Nothing but the lines from the first line of the records below to the line holding "100 Pieces Sewing" belongs in the answer, copied exactly and without pictures.

---------- Given data ----------

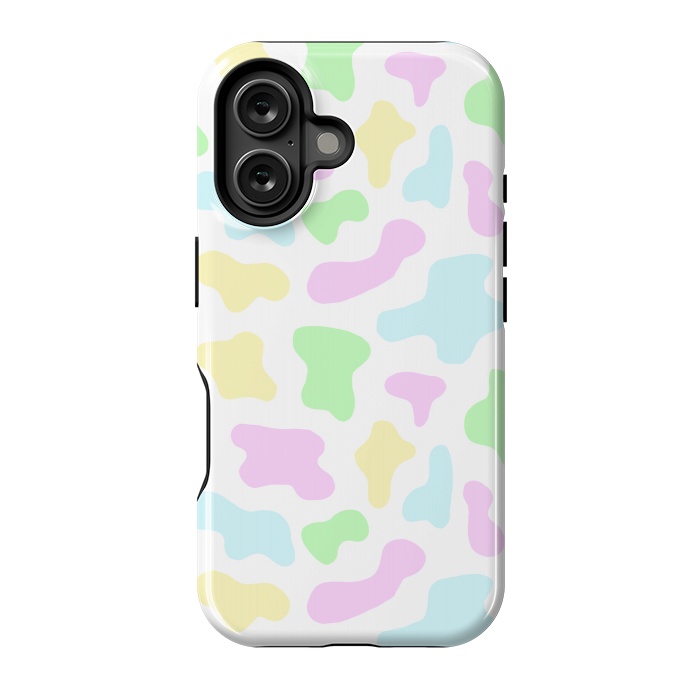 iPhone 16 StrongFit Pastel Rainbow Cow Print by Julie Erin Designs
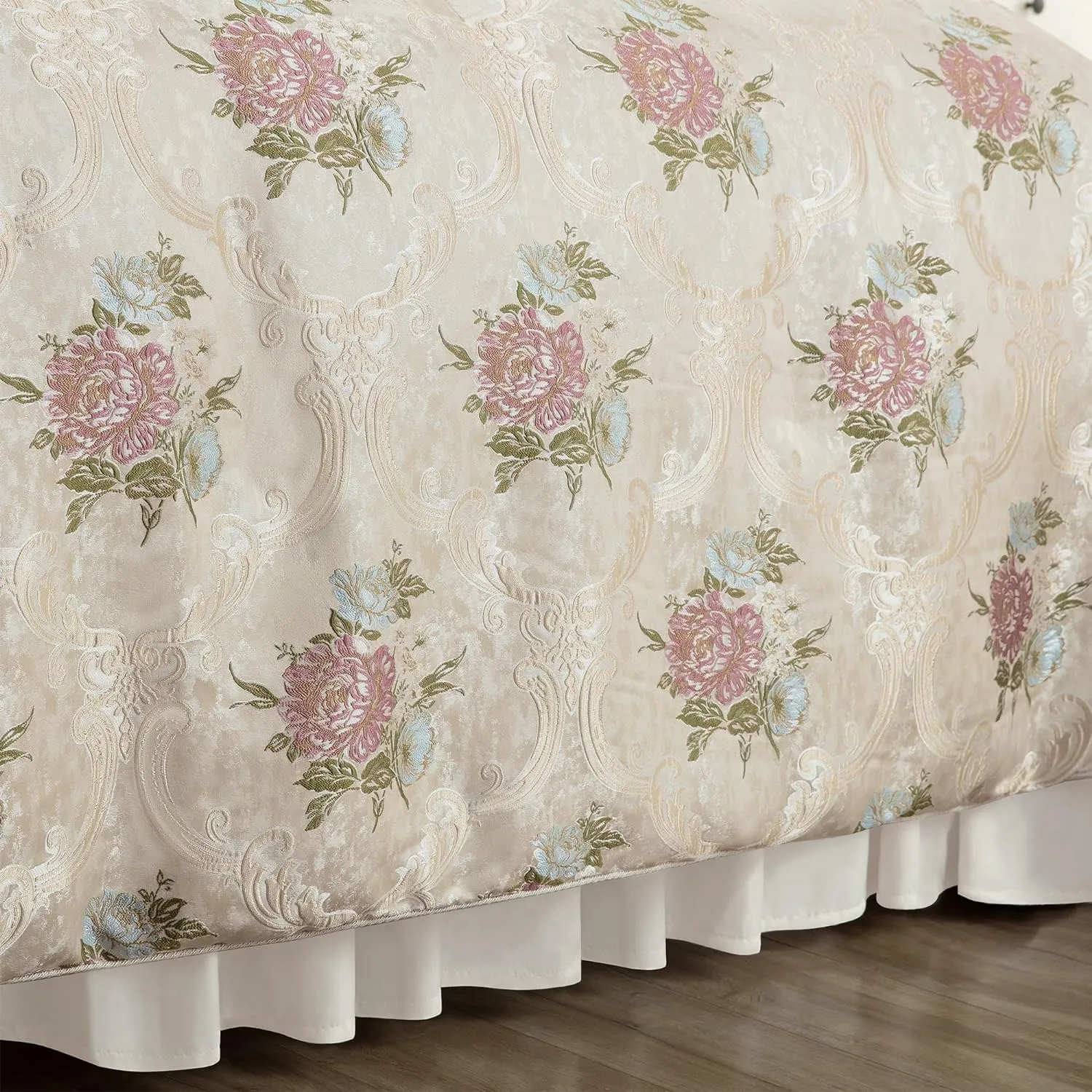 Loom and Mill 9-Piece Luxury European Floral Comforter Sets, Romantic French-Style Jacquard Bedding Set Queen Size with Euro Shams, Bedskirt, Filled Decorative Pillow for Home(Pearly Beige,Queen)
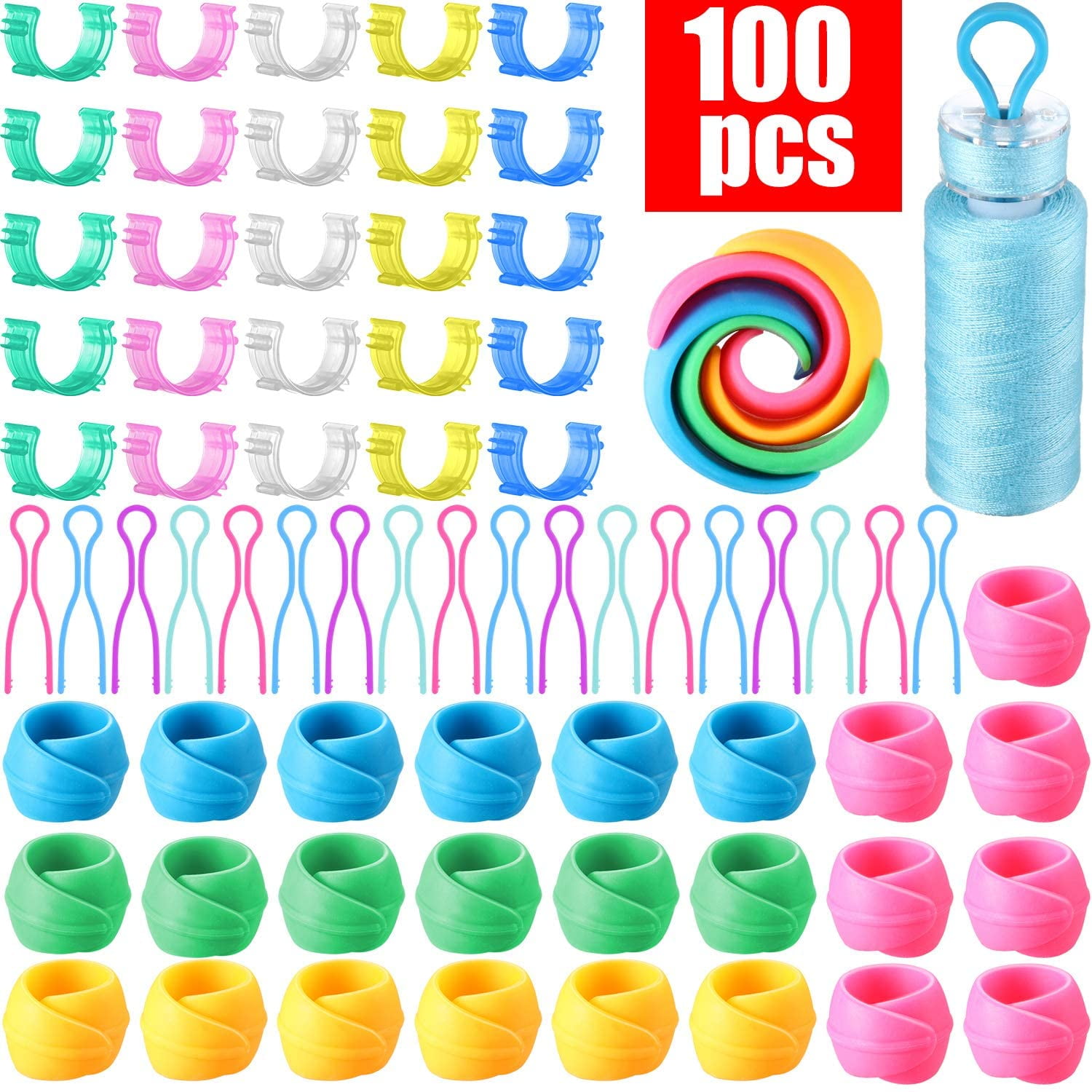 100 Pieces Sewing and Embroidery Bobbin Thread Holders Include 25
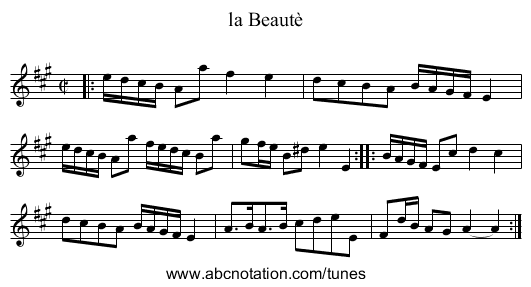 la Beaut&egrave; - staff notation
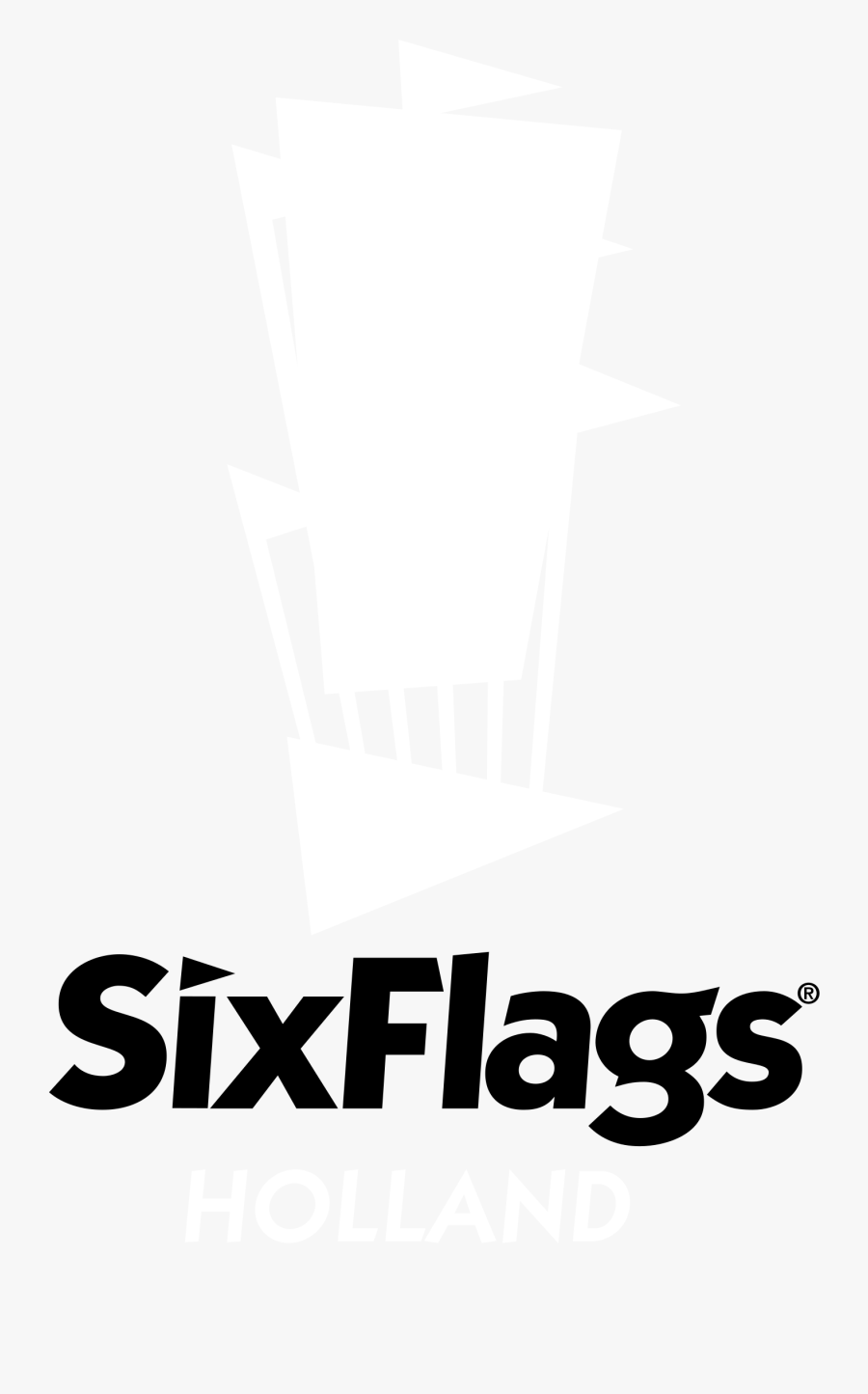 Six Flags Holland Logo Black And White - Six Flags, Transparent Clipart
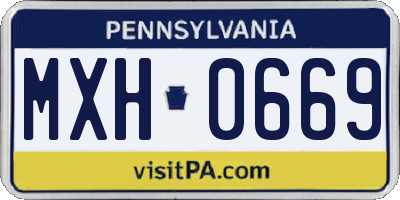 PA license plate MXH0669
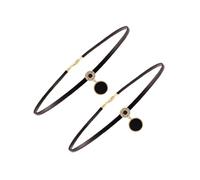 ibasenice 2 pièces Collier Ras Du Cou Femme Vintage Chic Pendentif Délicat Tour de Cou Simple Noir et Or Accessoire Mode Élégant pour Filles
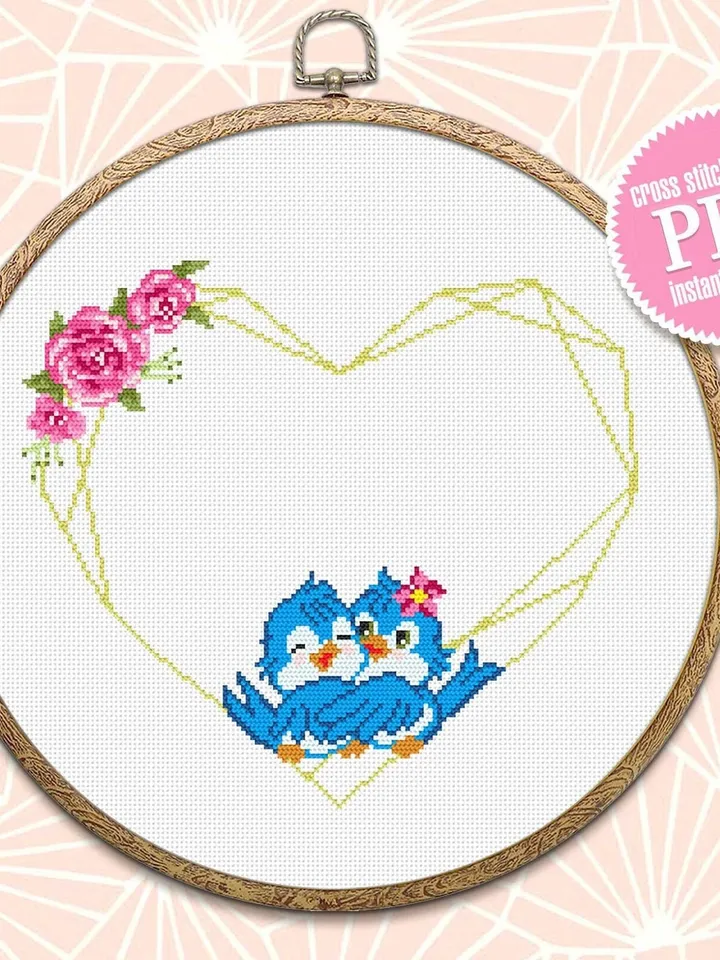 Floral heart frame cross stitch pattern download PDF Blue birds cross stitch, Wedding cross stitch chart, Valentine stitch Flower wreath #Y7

----------

== Answer for the task ==
 iPhone 16 StrongFit Pastel Rainbow Cow Print by Julie Erin Designs
 Loom and Mill 9-Piece Luxury European Floral Comforter Sets, Romantic French-Style Jacquard Bedding Set Queen Size with Euro Shams, Bedskirt, Filled Decorative Pillow for Home(Pearly Beige,Queen)
 100 Pieces Sewing and Embroidery Bobbin Thread Holders Include 25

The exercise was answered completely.